#### Problem requirements
Your job is to print, exactly, the lines in the data below from the line with "2022 Kawasaki ZR900RS" through the line with "Antig&uuml;edades: SEDA FULROT", both included, and to omit any picture.

#### Source data

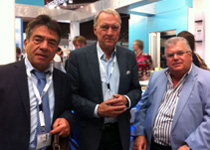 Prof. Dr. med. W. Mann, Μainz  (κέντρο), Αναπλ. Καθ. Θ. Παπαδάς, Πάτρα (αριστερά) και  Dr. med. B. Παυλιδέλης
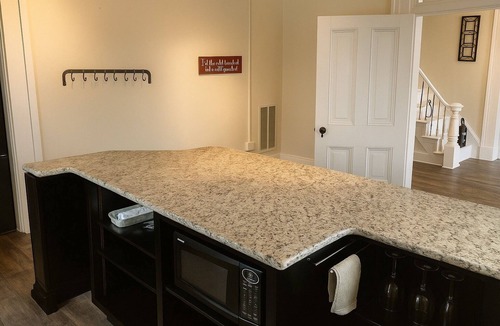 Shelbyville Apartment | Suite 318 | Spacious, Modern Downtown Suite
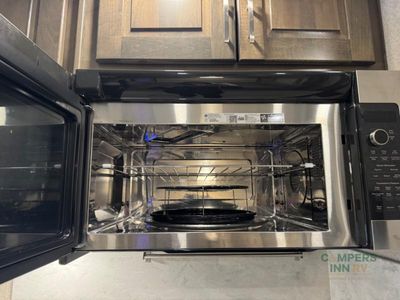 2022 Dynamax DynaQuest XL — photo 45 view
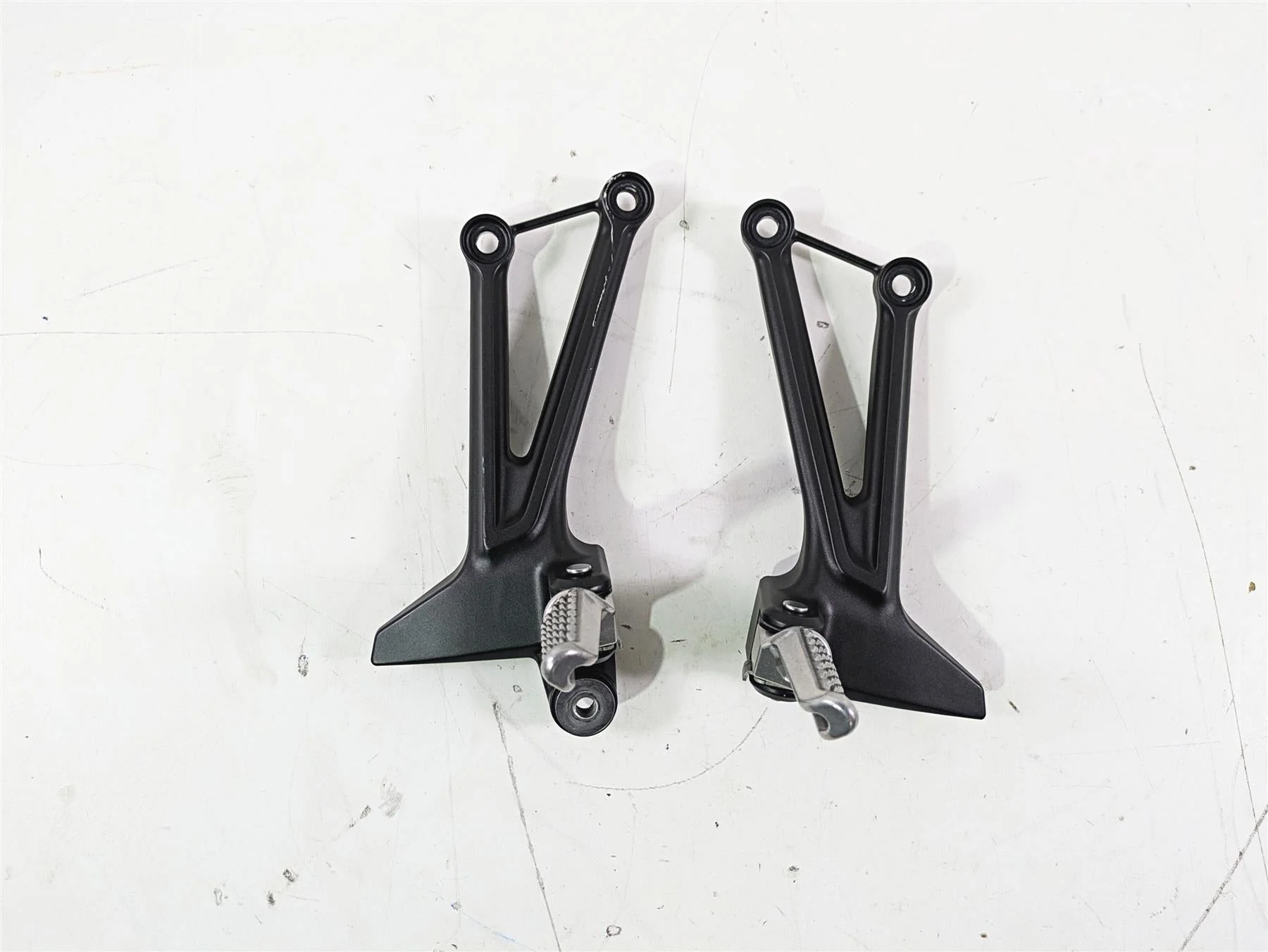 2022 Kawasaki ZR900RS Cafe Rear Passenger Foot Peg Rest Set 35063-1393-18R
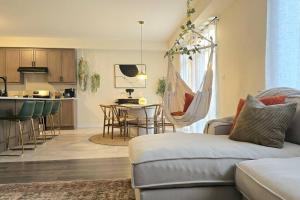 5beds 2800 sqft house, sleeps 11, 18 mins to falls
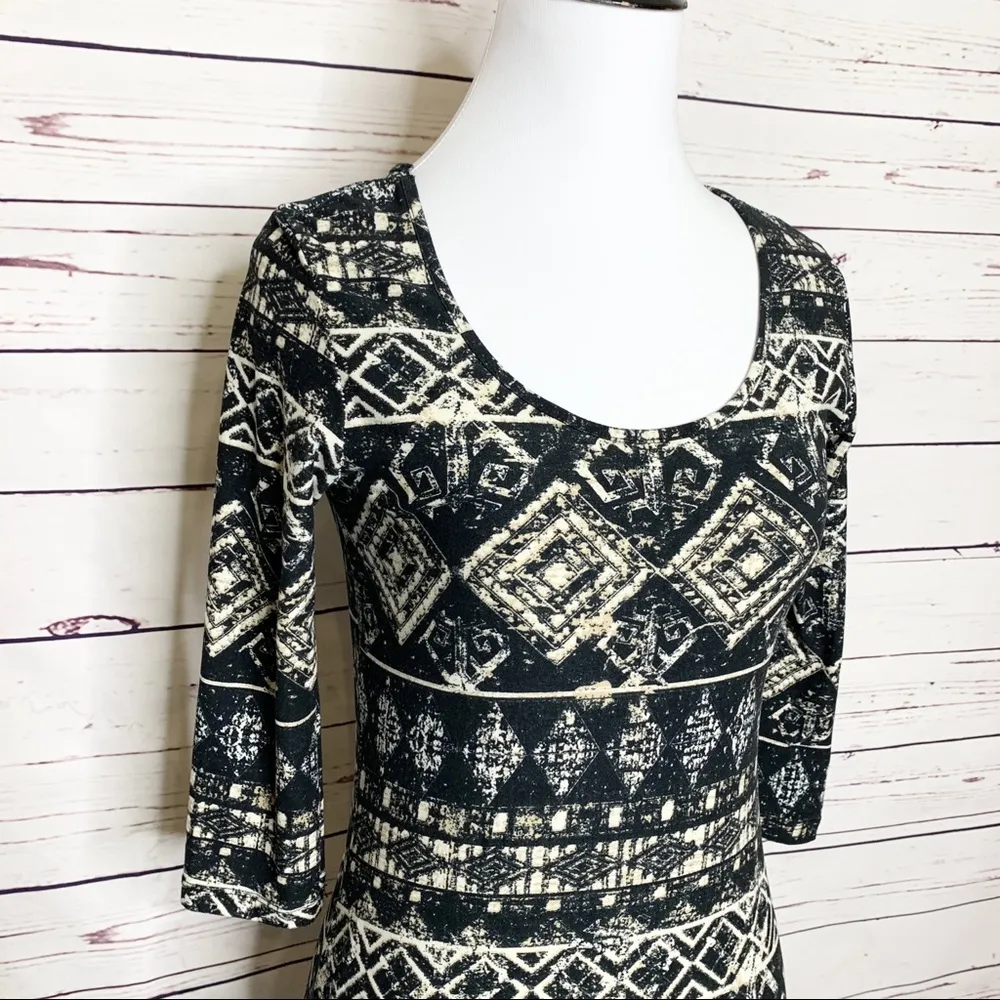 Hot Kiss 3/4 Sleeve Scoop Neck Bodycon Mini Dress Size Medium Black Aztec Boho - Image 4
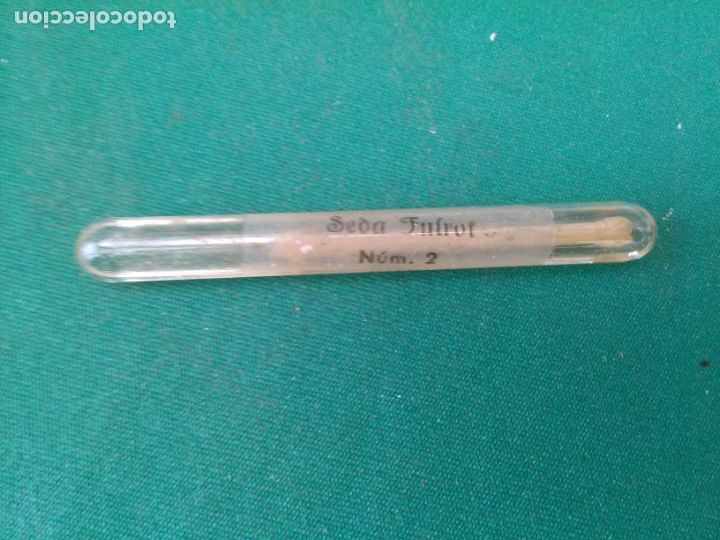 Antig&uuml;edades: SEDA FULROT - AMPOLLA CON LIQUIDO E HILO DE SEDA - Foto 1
...
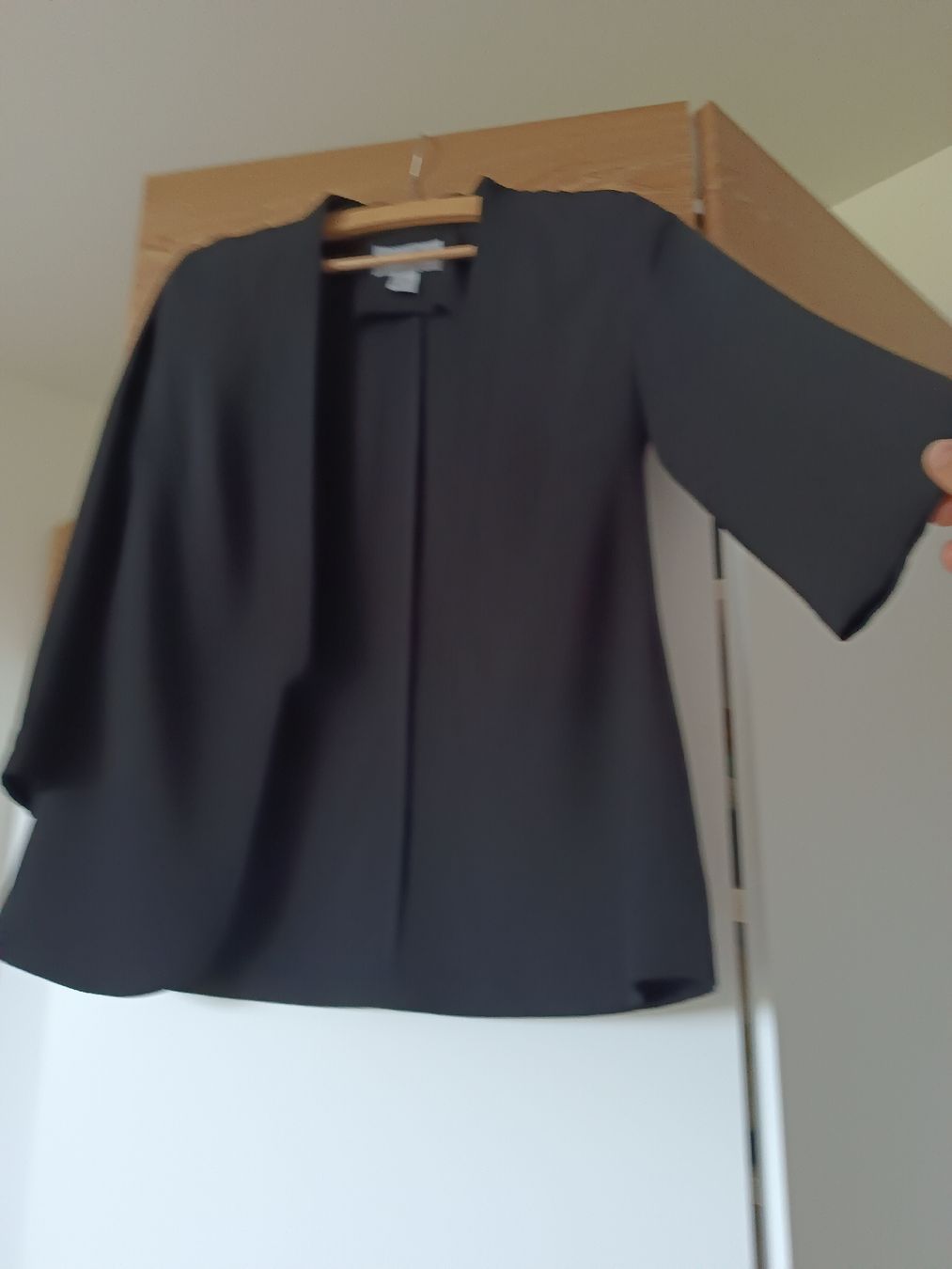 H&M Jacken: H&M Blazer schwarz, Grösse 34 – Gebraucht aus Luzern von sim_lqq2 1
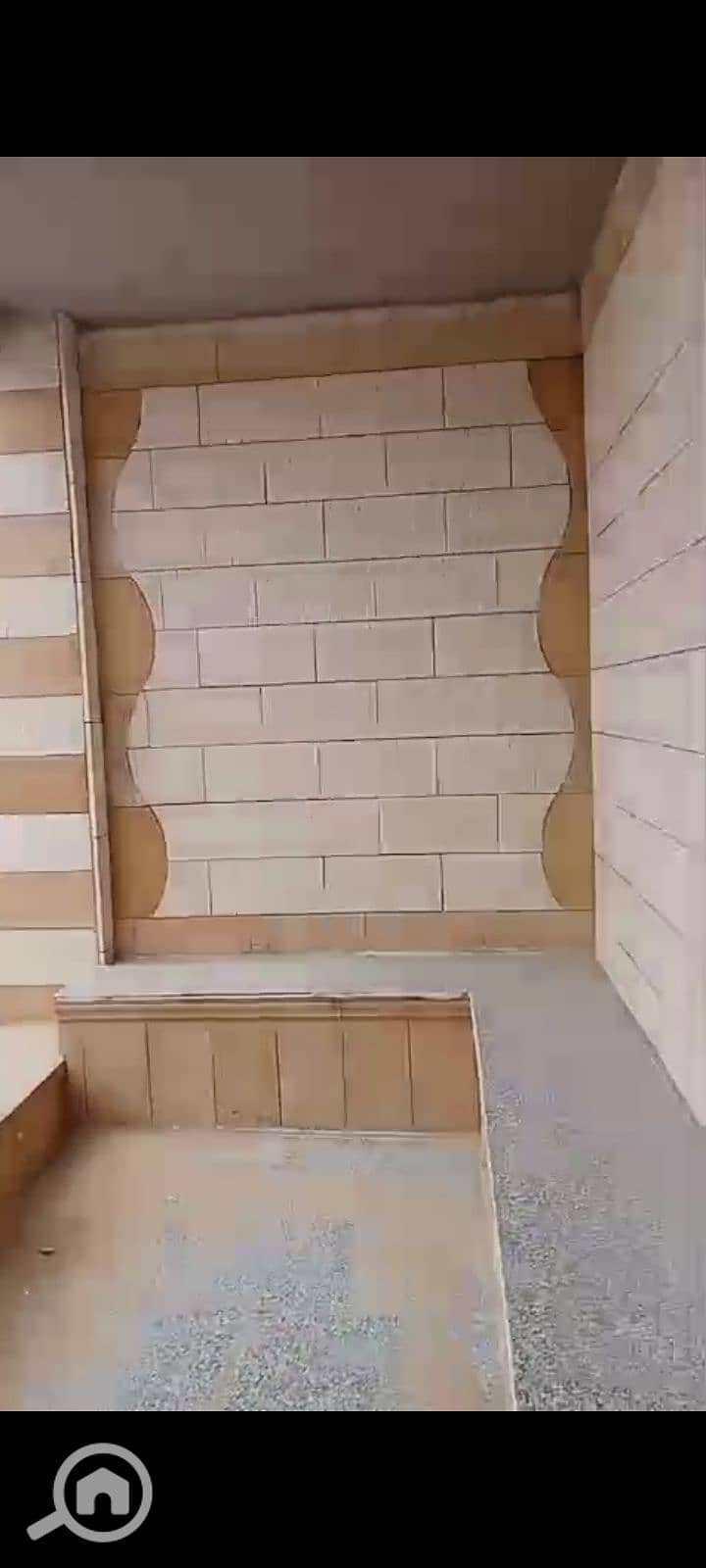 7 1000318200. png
==
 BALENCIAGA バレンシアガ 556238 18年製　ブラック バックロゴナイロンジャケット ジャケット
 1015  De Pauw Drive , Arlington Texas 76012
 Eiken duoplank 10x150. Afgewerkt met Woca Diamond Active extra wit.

#### Problem solution
 2022 Kawasaki ZR900RS Cafe Rear Passenger Foot Peg Rest Set 35063-1393-18R
 5beds 2800 sqft house, sleeps 11, 18 mins to falls
 Hot Kiss 3/4 Sleeve Scoop Neck Bodycon Mini Dress Size Medium Black Aztec Boho - Image 4
 Antig&uuml;edades: SEDA FULROT - AMPOLLA CON LIQUIDO E HILO DE SEDA - Foto 1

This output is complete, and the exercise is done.